Monday, July 21, 2014

Confession No. 66


Its 9 minutes to midnight and I wish you are here with me, fingers reaching in the space between us for the warmth I have aplenty.

I wish I can feel your grip, in the spaces between my fingers, or the emptiness woven in my soul. To close my eyes and be sure of your presence, even with the distance between us.

Its 5 minutes to midnight and I wish you are talking to me as I curl up under the soft blanket. To hear your voice telling me of the most mundane plans, of the most desired feelings.

I wish I can hear that connection in your voice, the tremble that lay underneath your words and laughter. To be able to detect the emotions, as I fall asleep slowly with the sun high above your head.

Its 2 minutes to midnight and I wish for this yearning of an unknown person to leave me. So I can stretch these limbs and not feel as if I am missing a piece of myself.

I wish I don't have to wait for much longer, for the exact moment you say my name in such a way that leaves me breathless. With realisation that the time has come. That the wait is over.

Its 2 minutes past midnight and I wish slumber upon me.

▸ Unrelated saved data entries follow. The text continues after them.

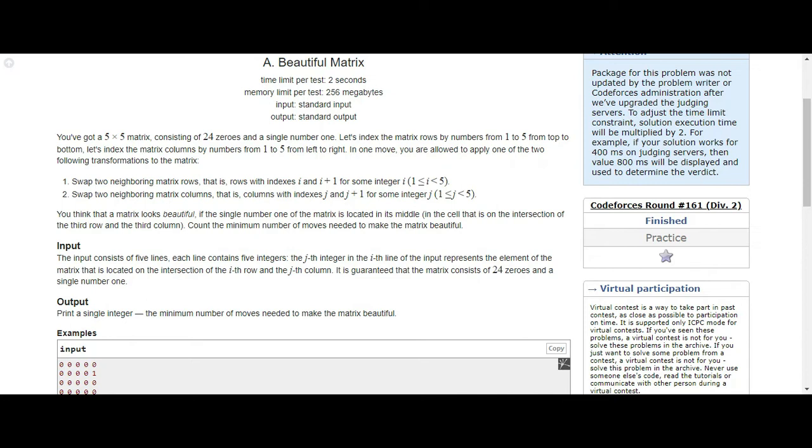You can do only these two transformations on that matrix. First is swapping two neighbor matrix rows - that is, rows with indexes i and i+1 for some integer which is in the range of 1 to 5.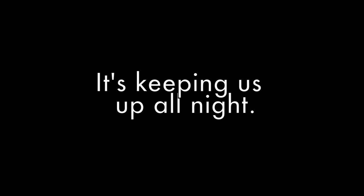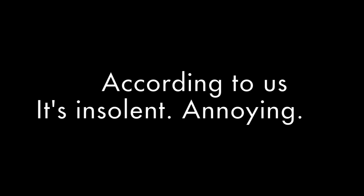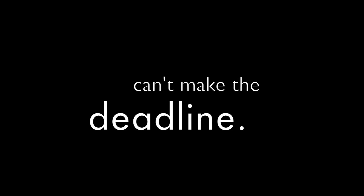According to us it's stupid, it's useless, it's keeping us up all night. According to us it's insolent, annoying, ruining our social lives. We're a mess and this rest can make the dead light, never seem to do it right. According to us.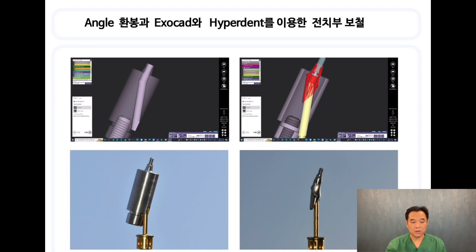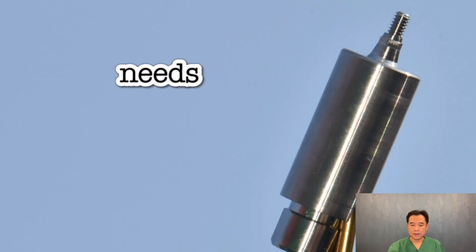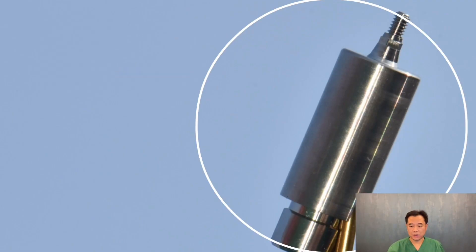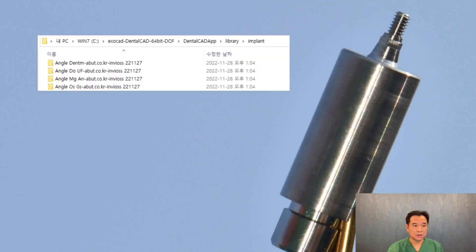We need three things. First, the angled custom abutment. Second, an implant library for the angled custom abutment. We can provide this implant library in a zip file, and you can simply save it under the implant file. Then you need to restart Exocad in order to use the library to start designing.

Go to sleep, my dear. For the wait is not ending tonight.

Perhaps, tomorrow.


2 comments:

Launna said...

I often count down the minutes... hoping to feel some of the things you write here... lately I have given up feeling them but I will want them again... one day...

Laila N Mysis said...

For the first time in my life, I think I'm going to start relating to these posts. Sort of.